The oil and gas industry is the only one in Colorado where local zoning rules for industrial development do not apply. (Our Health, Our Future, Our Longmont)
The oil and gas industry is the only one in Colorado where local zoning rules for industrial development do not apply. (Our Health, Our Future, Our Longmont)
July 16, 2018

DENVER – Volunteers have three weeks to collect enough signatures to put an initiative onto November's ballot that would push new oil and gas development further away from homes, schools and waterways.

Anne Lee Foster, a volunteer organizer with the group Colorado Rising, points to a Colorado-based health study that found the most significant impacts from living close to oil and gas operations happen within a half-mile radius, slightly more than the 2,500-buffer proposed in the measure.

"We've had 16 other explosions since the Firestone incident just last year,” she points out. “And there's just a litany of health studies showing that oil and gas development near communities is extremely detrimental to human health."

Foster adds that 2,500 feet also is the evacuation radius set by first responders when things go wrong at well sites.

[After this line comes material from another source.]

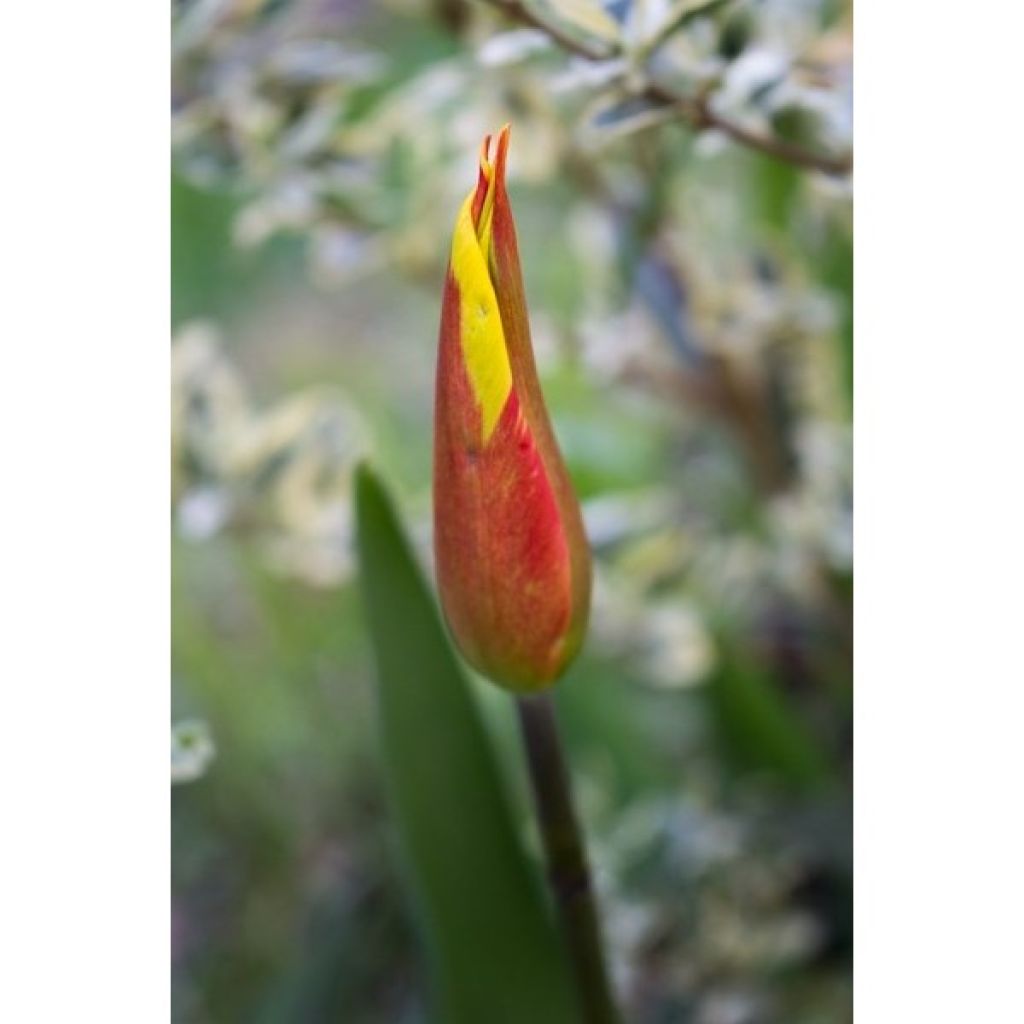 Tulipa Fire Wings - Leliebloemige tulp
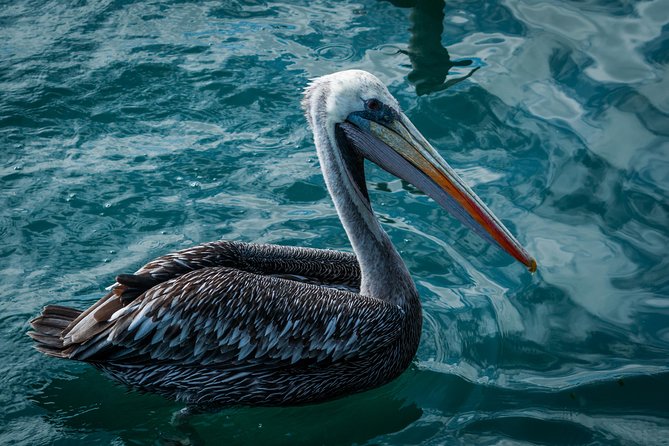 Ballestas island & Paracas reserve from PISCO CRUISESHIP TERMINAL - Into the Paracas National Reserve by bus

Colorado currently allows companies to drill 500 feet from homes and 1,000 from schools and hospitals.

Last year, a leak from an Anadarko gas line led to an explosion in a home in Firestone, killing two and injuring two others.

The Colorado Oil and Gas Association has called the proposed measure a ban on oil and gas production, and the state agency charged with fostering responsible development says the move could put more than half of the state's land surface out of reach.

Foster notes that the same land surface also would be unavailable for any factory, or even a McDonald's, because – apart from exceptions made for the oil and gas sector – industry zoning isn't allowed in residential areas.

She maintains public health and safety should trump the needs of private companies.

"These areas would be off limits to any other type of industrial development,” she stresses. “We never zone industrial development within neighborhoods, within 2,500 feet of schools – in a lot of cases, just a few hundred feet of school playgrounds."

If organizers collect 98,000 signatures before Aug. 6, the measure still faces an uphill battle.

Colorado Public Radio reported that oil and gas companies invested more than $8 million in a group called Protect Colorado to defeat Initiative 97, Safer Setbacks from Fracking.

The group already has spent more than $1 million to get signatures for a constitutional amendment that would make taxpayers compensate companies if new regulations devalue property.